Daniels has some more specific ideas around how Xceptor will use Port in the future.
After researching vulnerability management to improve security, Daniels found that a number of vulnerability management tools write resources to Kubernetes, which effectively act like reports. Daniels wants to use Port to expose this information.
“We could export that information to gain visibility, and link this to the relevant components and then suddenly you can create scorecards which can determine whether anything — a service or connector — is ready or not, based on the report data it’s got. And then you could drive automations from that to enact change,” said Daniels.
He wants anyone in Xceptor’s tech team to be able to use Port to extract the information they need.
“For example, if we take our Argo CD —deployment system (rollout) — if that can look at the scorecard result of a particular component and see that it’s got too many failings, we could then halt any further rollout until the team have reacted to that — which would protect our reputation and quality standards,” he said.
[Establishing a Kubernetes platform] could have created yet another silo where I take software and deploy things on behalf of others on my platform — and I didn’t want that. I wanted complete ignorance from the workloads that run on it, to a certain degree. Port is helping us to break silos — and it’s just the start
Concluding thoughts
Xceptor’s transformation was powered through its move to containerization and orchestration via Kubernetes, and Argo CD enabling the GitOps model. Daniels emphasized that Port’s part in presenting an interface that exposed information to users was critical to the transformation’s success — including a significant estimated increase in deployment frequency and an estimated 46% decrease in running costs per tenant.

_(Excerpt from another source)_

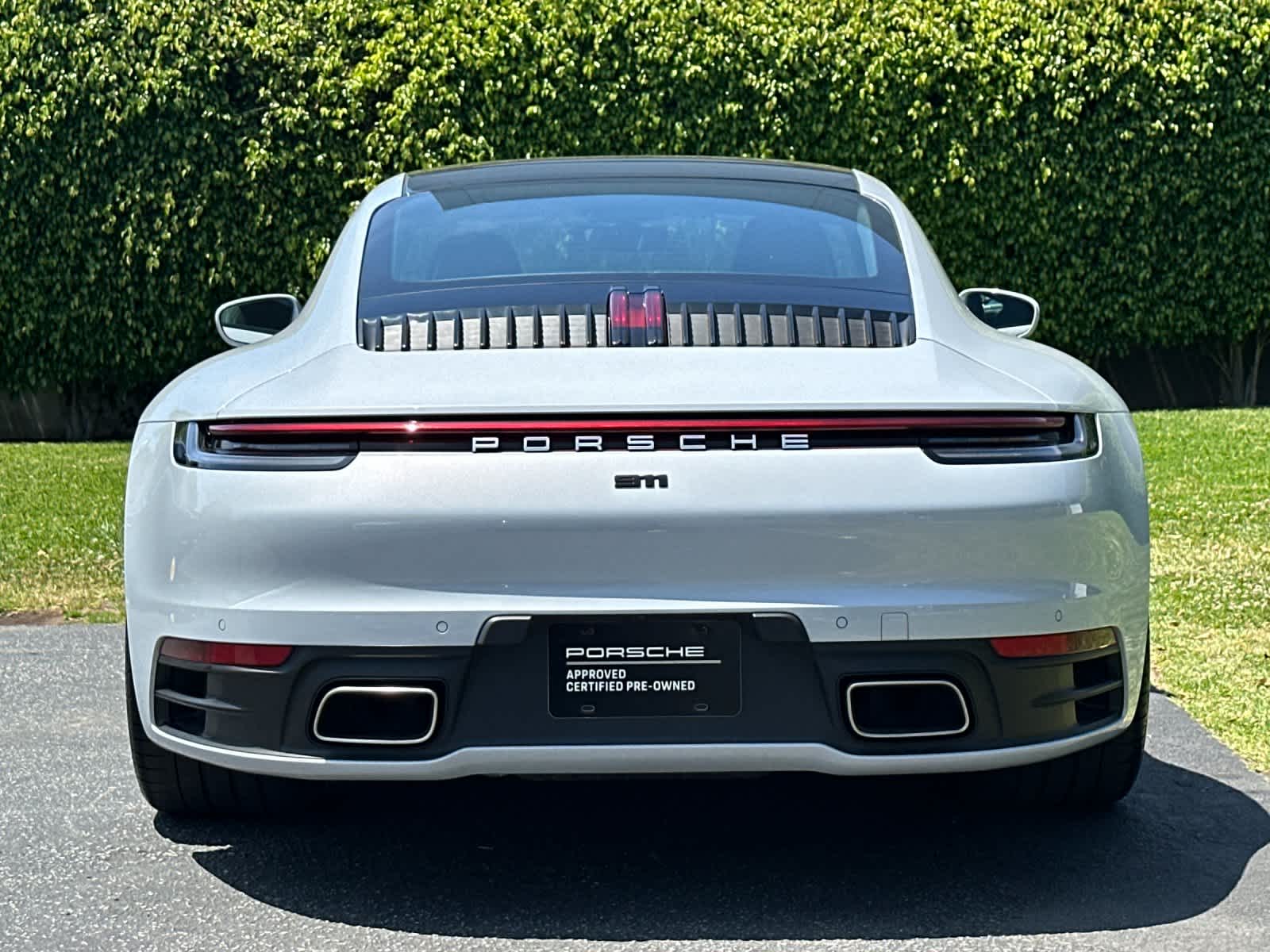 2024 Porsche 911 Carrera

“Most of the users of the catalog and self—service actions don't know what containers, Kubernetes or GitOps are. So, without Port we'd either have failed to deliver on the self—service aspect and ended up interfacing over email or a ticketing system or we'd have been forced to build our own UI which is resource—intensive and is unlikely to have yielded the same results,” said Daniels.
Daniels says the key values that Port has provided Xceptor include:
- Being able to truly benefit from Kubernetes by providing the UI that abstracts away complexity
- Helping to determine and visualize ownership and dependencies
- Providing autonomy through the catalog and self—service actions
“Building a platform has created the foundation for our journey towards realising the outcome where each and every engineer at Xceptor is empowered to confidently deliver high—impact changes frequently and predictably with minimal toil."